Write out exactly, please, every line from the beginning of the entries to the line holding "Le Tennessee pour", and no pictures.

RECORDS FOR THIS EXERCISE section start

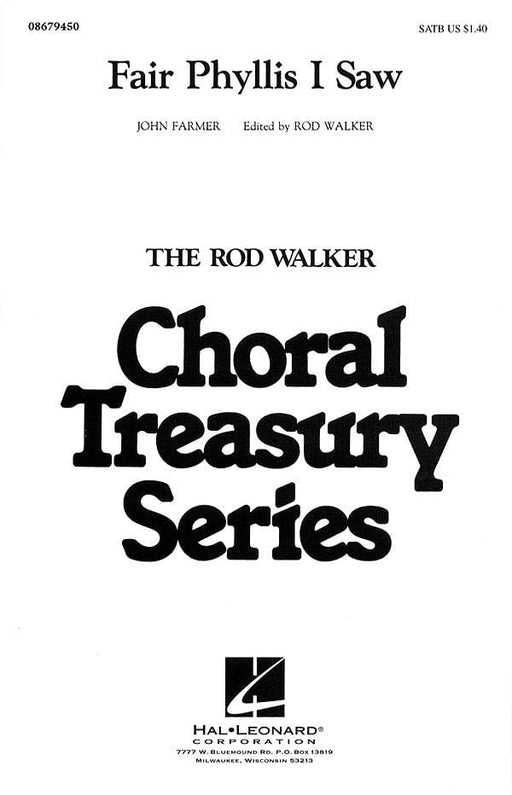 Fair Phyllis I Saw | 小雅音樂 Hsiaoya Music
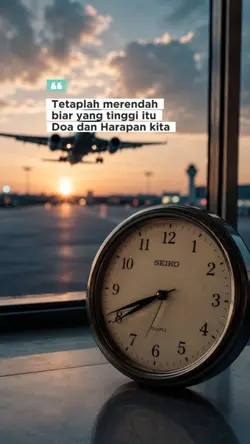 Tetaplah merendah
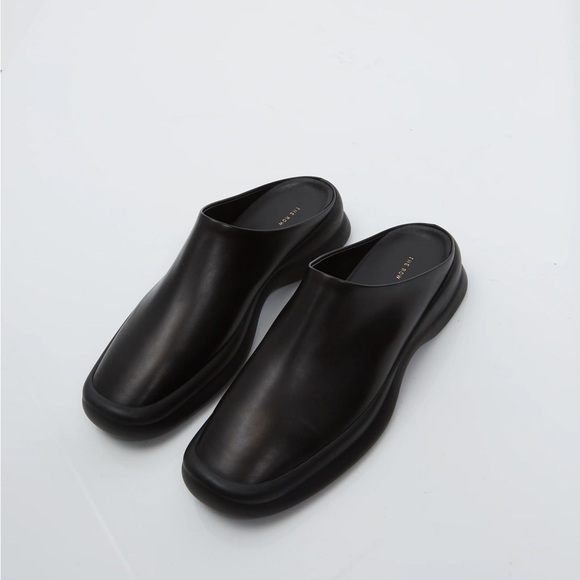 The Row Shoes - The Row Black Town Clogs Size 39
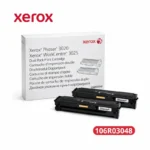Toner Xerox 106R03048 (Caja x 2 und) Phaser 3020,3025 Rendimiento 3,000 Paginas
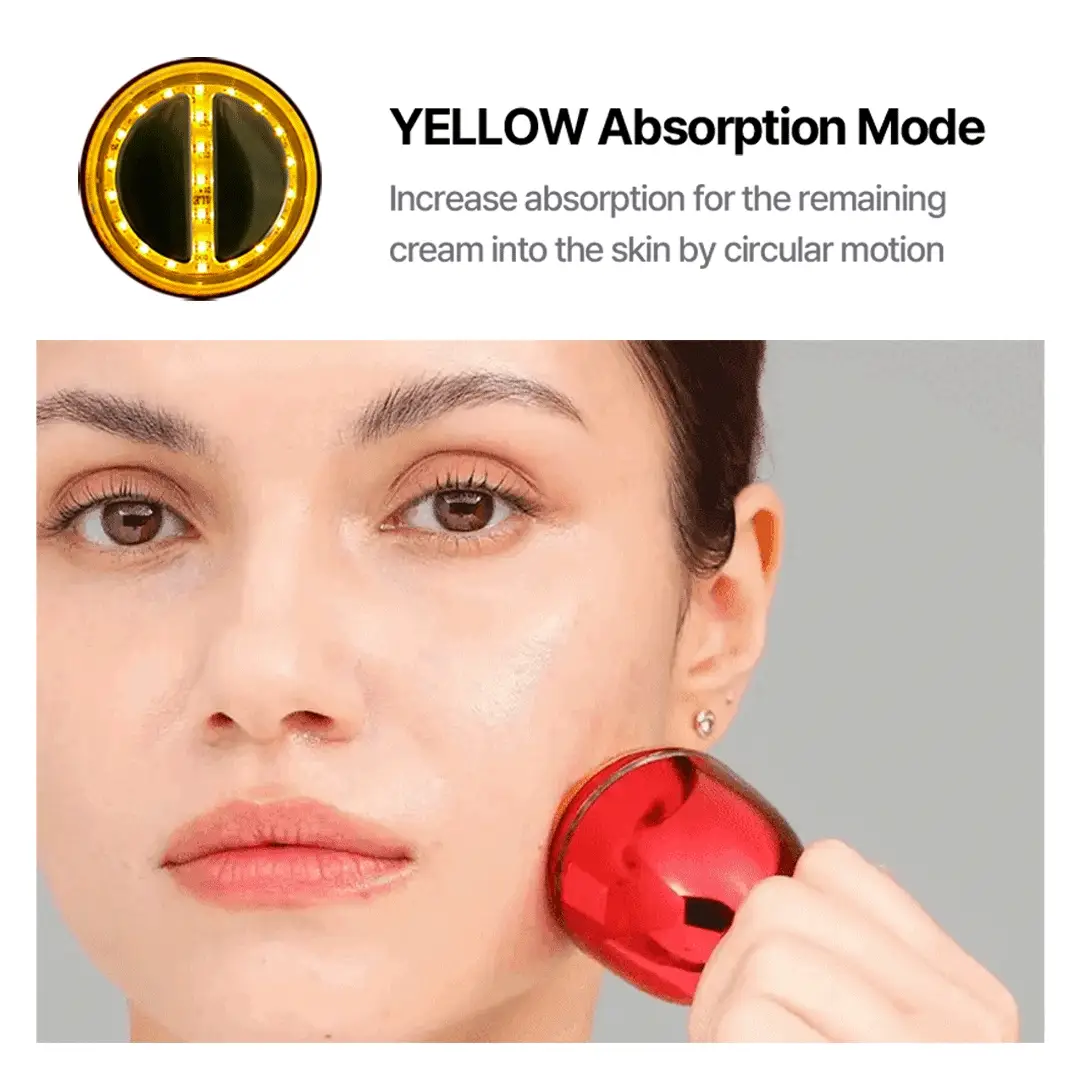 Shumage Gold Seal Lifting Cream + Device - Image 8
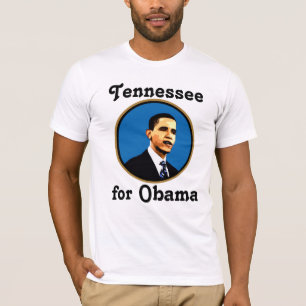 Le Tennessee pour le T-shirt rouge d'état d'Obama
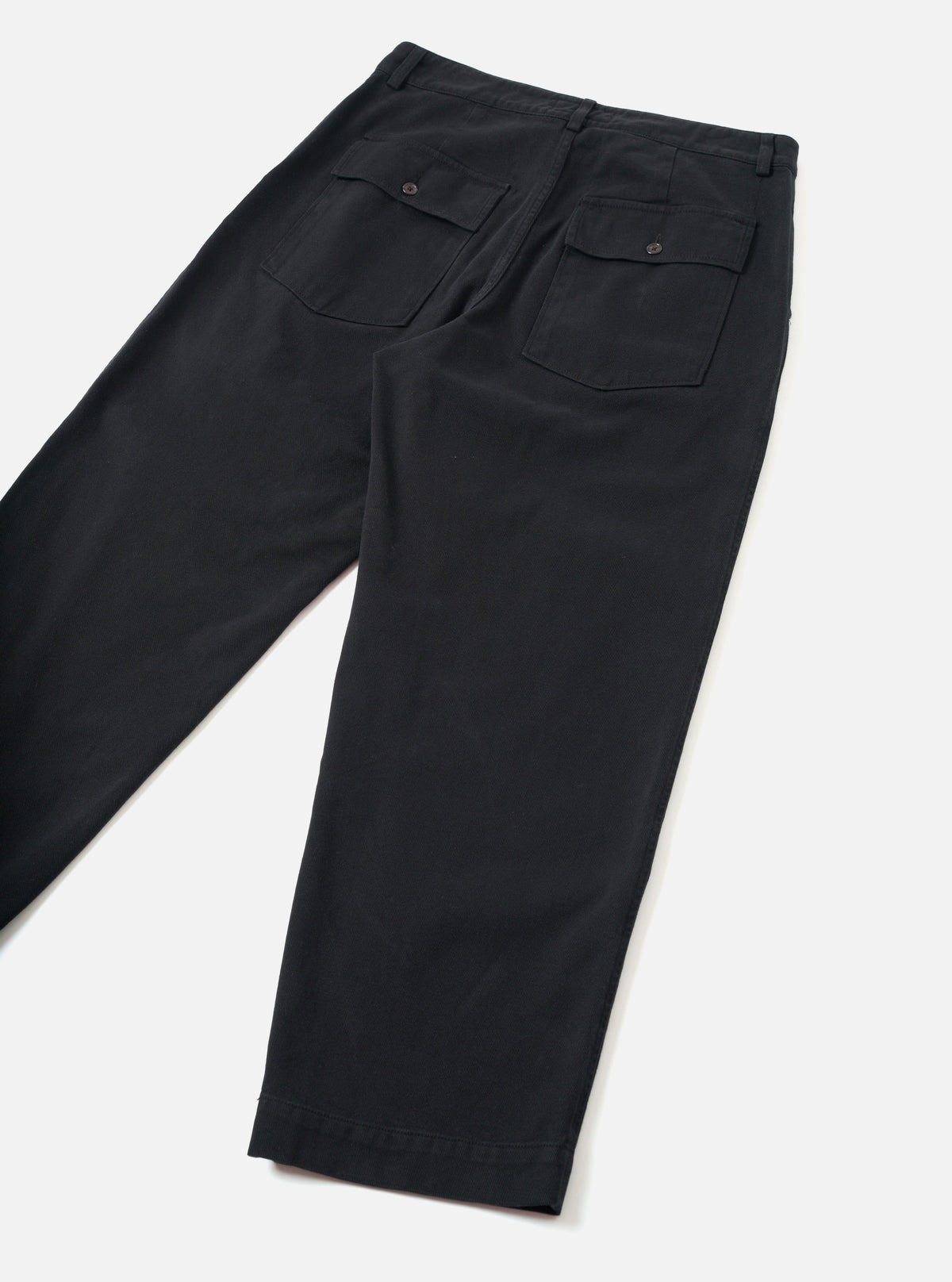 Black Dexter Twill Grad Chino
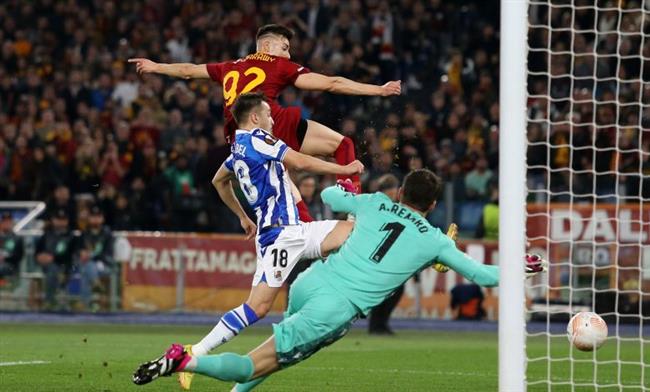 فوز روما على سوسيداد.. وليفركوزن على فرينكفاروزي 2-0 في الدوري الأوروبي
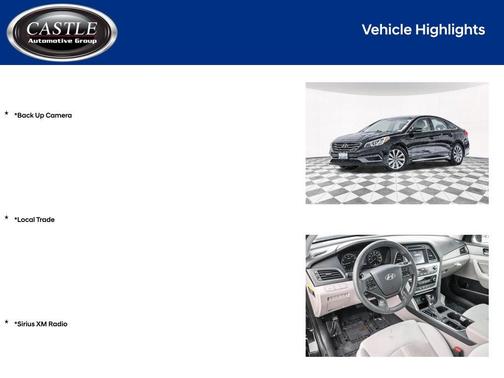 2016 Hyundai SONATA Sport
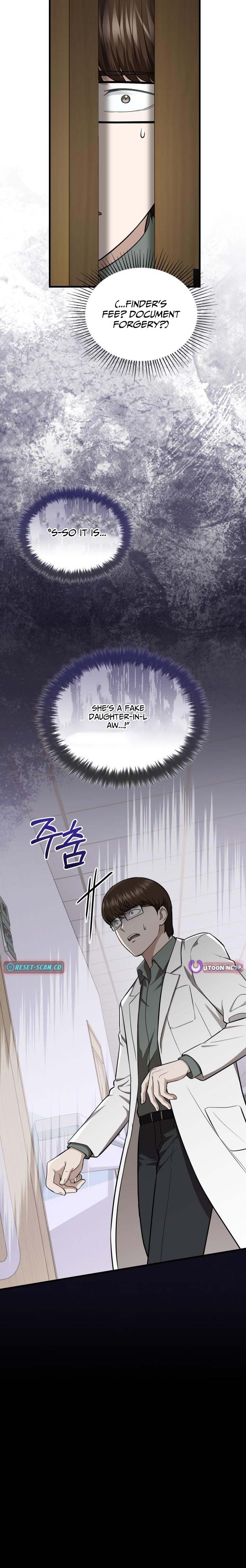 The Regressed Doctor Just Wanted to Live Quietly Chapter 66 Page 1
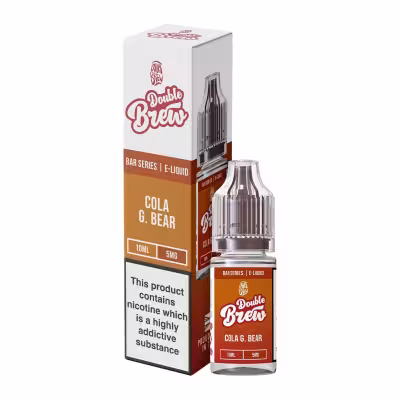 Cola G Bear Nic Salt E-Liquid by Ohm Brew Double Brew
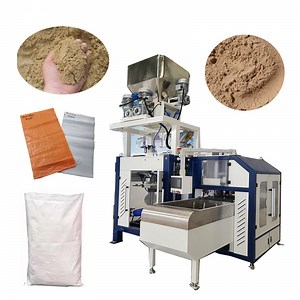 [Hot Item] 25kg Sands Bag High Speed Bagging Machine Automatic Open Mouth Heavy Bag Packaging Line for Sands Packing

RECORDS FOR THIS EXERCISE section end

**SOLUTION BELOW:**
 Fair Phyllis I Saw | 小雅音樂 Hsiaoya Music
 Tetaplah merendah
 The Row Shoes - The Row Black Town Clogs Size 39
Toner Xerox 106R03048 (Caja x 2 und) Phaser 3020,3025 Rendimiento 3,000 Paginas
 Shumage Gold Seal Lifting Cream + Device - Image 8
 Le Tennessee pour le T-shirt rouge d'état d'Obama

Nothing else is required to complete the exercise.